Execute range query against Thanos.
Args:
query: PromQL query
start: Start time (RFC3339 or relative like "7d")
end: End time (RFC3339 or relative like "now")
step: Query resolution step width
Returns:
Range query result
"""
try:
params = {
'query': query,
'start': start,
'end': end,
'step': step
}
response = self.session.get(
f"{self.thanos_url}/api/v1/query_range",
params=params
)
response.raise_for_status()
return response.json()
except Exception as e:
logger.error(f"Thanos range query failed: {e}")
return {'status': 'error', 'error': str(e)}
def get_cluster_capacity_historical(self, days: int = 7) -> Dict[str, Any]:
"""
Get historical cluster capacity data.
Args:
days: Number of days to look back
Returns:
Historical capacity data
"""
end_time = datetime.now()
start_time = end_time - timedelta(days=days)
# Query for cluster capacity over time
query = "max(kube_node_status_capacity{resource=\"cpu\"} * on(node) group_left() kube_node_status_allocatable{resource=\"cpu\"}) by (cluster)"
return self.query_range(
query=query,
start=int(start_time.timestamp()),
end=int(end_time.timestamp()),
step="1h"
)
def get_resource_utilization_trend(self, days: int = 7) -> Dict[str, Any]:
"""
Get historical resource utilization trends.
Args:
days: Number of days to look back
Returns:
Resource utilization trends
"""
end_time = datetime.now()
start_time = end_time - timedelta(days=days)

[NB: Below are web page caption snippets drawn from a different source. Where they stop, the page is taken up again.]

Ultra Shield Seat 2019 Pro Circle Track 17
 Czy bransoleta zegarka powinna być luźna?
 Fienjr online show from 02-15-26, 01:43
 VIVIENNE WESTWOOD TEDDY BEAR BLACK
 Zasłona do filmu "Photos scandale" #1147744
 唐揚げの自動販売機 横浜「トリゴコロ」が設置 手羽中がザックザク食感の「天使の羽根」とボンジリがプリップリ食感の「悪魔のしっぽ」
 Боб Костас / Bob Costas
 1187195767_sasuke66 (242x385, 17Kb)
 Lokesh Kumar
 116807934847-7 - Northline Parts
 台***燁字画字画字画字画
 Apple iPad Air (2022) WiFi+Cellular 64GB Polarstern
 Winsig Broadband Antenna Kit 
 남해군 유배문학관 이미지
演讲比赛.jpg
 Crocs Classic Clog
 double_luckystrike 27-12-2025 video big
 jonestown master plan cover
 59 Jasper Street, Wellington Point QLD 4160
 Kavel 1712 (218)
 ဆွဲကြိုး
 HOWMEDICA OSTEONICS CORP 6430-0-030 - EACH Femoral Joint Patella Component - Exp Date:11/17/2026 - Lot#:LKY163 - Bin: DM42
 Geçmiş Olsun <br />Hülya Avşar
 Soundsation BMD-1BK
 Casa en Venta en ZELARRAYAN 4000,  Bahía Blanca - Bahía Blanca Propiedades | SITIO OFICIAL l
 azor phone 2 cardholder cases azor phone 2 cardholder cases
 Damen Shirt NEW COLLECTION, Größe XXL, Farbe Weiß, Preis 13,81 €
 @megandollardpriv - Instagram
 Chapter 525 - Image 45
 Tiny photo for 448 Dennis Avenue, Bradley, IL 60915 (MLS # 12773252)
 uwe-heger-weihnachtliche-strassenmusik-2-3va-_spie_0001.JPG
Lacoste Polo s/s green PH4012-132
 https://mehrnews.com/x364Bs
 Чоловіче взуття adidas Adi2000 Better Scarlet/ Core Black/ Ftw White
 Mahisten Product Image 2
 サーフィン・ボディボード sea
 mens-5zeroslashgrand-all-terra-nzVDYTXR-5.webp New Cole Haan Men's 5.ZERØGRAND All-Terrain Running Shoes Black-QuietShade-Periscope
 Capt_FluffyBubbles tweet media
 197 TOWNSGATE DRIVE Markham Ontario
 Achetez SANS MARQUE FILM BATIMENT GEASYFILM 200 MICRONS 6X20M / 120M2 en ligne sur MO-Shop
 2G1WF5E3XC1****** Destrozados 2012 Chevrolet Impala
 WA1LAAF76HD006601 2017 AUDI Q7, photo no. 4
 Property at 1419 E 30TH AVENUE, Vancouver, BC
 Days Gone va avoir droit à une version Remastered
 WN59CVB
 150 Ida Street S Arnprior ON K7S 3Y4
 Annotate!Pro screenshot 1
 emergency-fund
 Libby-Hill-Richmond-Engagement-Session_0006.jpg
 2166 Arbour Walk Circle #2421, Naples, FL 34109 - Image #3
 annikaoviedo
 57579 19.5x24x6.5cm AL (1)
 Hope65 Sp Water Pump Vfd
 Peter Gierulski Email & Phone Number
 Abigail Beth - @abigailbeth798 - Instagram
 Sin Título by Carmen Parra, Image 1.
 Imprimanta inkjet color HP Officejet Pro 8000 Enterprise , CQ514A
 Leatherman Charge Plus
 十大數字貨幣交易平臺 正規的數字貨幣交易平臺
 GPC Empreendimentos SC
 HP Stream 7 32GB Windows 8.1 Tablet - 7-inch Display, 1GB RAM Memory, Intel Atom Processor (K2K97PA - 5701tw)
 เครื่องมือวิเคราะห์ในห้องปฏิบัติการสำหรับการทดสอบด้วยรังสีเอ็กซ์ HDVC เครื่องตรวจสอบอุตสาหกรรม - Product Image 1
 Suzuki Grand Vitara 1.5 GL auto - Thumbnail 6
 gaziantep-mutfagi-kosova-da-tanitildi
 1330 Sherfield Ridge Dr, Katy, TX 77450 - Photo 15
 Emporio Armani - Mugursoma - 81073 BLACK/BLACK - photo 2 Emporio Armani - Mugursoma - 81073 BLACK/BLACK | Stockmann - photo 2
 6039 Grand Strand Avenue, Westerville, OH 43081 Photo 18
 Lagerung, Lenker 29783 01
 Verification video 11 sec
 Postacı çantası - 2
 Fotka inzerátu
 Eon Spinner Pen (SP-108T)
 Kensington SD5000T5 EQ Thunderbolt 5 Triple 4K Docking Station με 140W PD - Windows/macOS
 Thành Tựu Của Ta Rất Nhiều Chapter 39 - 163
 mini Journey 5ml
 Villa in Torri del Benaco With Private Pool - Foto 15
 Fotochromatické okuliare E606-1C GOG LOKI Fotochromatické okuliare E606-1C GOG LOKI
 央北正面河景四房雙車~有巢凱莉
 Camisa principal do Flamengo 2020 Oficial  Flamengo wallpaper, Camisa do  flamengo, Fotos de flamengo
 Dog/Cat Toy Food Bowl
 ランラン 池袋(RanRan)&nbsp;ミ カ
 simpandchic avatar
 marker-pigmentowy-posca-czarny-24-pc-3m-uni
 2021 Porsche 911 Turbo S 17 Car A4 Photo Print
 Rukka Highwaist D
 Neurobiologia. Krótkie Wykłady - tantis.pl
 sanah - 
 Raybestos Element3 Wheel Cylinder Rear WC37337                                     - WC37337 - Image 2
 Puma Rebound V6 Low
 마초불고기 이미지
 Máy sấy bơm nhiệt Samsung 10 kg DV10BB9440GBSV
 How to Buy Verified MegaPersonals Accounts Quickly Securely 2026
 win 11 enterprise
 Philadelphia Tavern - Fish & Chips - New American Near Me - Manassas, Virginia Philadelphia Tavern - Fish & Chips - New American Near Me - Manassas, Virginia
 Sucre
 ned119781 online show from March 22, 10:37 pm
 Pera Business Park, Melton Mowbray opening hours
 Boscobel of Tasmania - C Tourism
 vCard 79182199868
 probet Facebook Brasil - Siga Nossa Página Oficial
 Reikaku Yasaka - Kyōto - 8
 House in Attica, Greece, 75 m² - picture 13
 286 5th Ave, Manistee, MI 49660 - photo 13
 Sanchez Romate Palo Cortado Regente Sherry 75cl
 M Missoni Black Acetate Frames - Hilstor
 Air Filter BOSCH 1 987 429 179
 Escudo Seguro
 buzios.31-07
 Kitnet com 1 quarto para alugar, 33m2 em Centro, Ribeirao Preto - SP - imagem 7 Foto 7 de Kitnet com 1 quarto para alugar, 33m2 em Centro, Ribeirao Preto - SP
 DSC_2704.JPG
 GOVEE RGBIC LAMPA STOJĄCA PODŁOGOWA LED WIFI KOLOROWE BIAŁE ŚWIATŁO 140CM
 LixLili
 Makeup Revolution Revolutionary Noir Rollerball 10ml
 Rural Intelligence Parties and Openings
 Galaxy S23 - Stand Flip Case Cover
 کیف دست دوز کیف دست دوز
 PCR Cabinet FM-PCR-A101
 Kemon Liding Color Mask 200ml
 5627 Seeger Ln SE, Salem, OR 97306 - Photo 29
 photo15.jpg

# CPU utilization trend - real cluster data
cpu_query = "avg(rate(container_cpu_usage_seconds_total{container!=\"POD\",container!=\"\"}[5m])) by (cluster)"
# Memory utilization trend - real cluster data
memory_query = "avg(container_memory_working_set_bytes{container!=\"POD\",container!=\"\"}) by (cluster)"
cpu_data = self.query_range(
query=cpu_query,
start=int(start_time.timestamp()),
end=int(end_time.timestamp()),
step="1h"
)
memory_data = self.query_range(
query=memory_query,
start=int(start_time.timestamp()),
end=int(end_time.timestamp()),
step="1h"
)
return {
'cpu_trend': cpu_data,
'memory_trend': memory_data,
'period': f"{days} days",
'start_time': start_time.isoformat(),
'end_time': end_time.isoformat()
}
def get_namespace_resource_trends(self, namespace: str, days: int = 7) -> Dict[str, Any]:
"""
Get historical resource trends for a specific namespace.
Args:
namespace: Namespace name
days: Number of days to look back
Returns:
Namespace resource trends
"""
end_time = datetime.now()
start_time = end_time - timedelta(days=days)
# CPU requests trend - real data
cpu_requests_query = f"sum(kube_pod_container_resource_requests{{namespace=\"{namespace}\", resource=\"cpu\"}}) by (namespace)"
# Memory requests trend - real data
memory_requests_query = f"sum(kube_pod_container_resource_requests{{namespace=\"{namespace}\", resource=\"memory\"}}) by (namespace)"
cpu_requests = self.query_range(
query=cpu_requests_query,
start=int(start_time.timestamp()),
end=int(end_time.timestamp()),
step="1h"
)
memory_requests = self.query_range(
query=memory_requests_query,
start=int(start_time.timestamp()),
end=int(end_time.timestamp()),
step="1h"
)
return {
'namespace': namespace,
'cpu_requests_trend': cpu_requests,
'memory_requests_trend': memory_requests,
'period': f"{days} days"
}
def get_overcommit_historical(self, days: int = 7) -> Dict[str, Any]:
"""
Get historical overcommit data.
Args:
days: Number of days to look back
Returns:
Historical overcommit data
"""
end_time = datetime.now()
start_time = end_time - timedelta(days=days)
# CPU overcommit trend
cpu_overcommit_query = "(sum(kube_pod_container_resource_requests{resource=\"cpu\"}) / sum(kube_node_status_allocatable{resource=\"cpu\"})) * 100"
# Memory overcommit trend
memory_overcommit_query = "(sum(kube_pod_container_resource_requests{resource=\"memory\"}) / sum(kube_node_status_allocatable{resource=\"memory\"})) * 100"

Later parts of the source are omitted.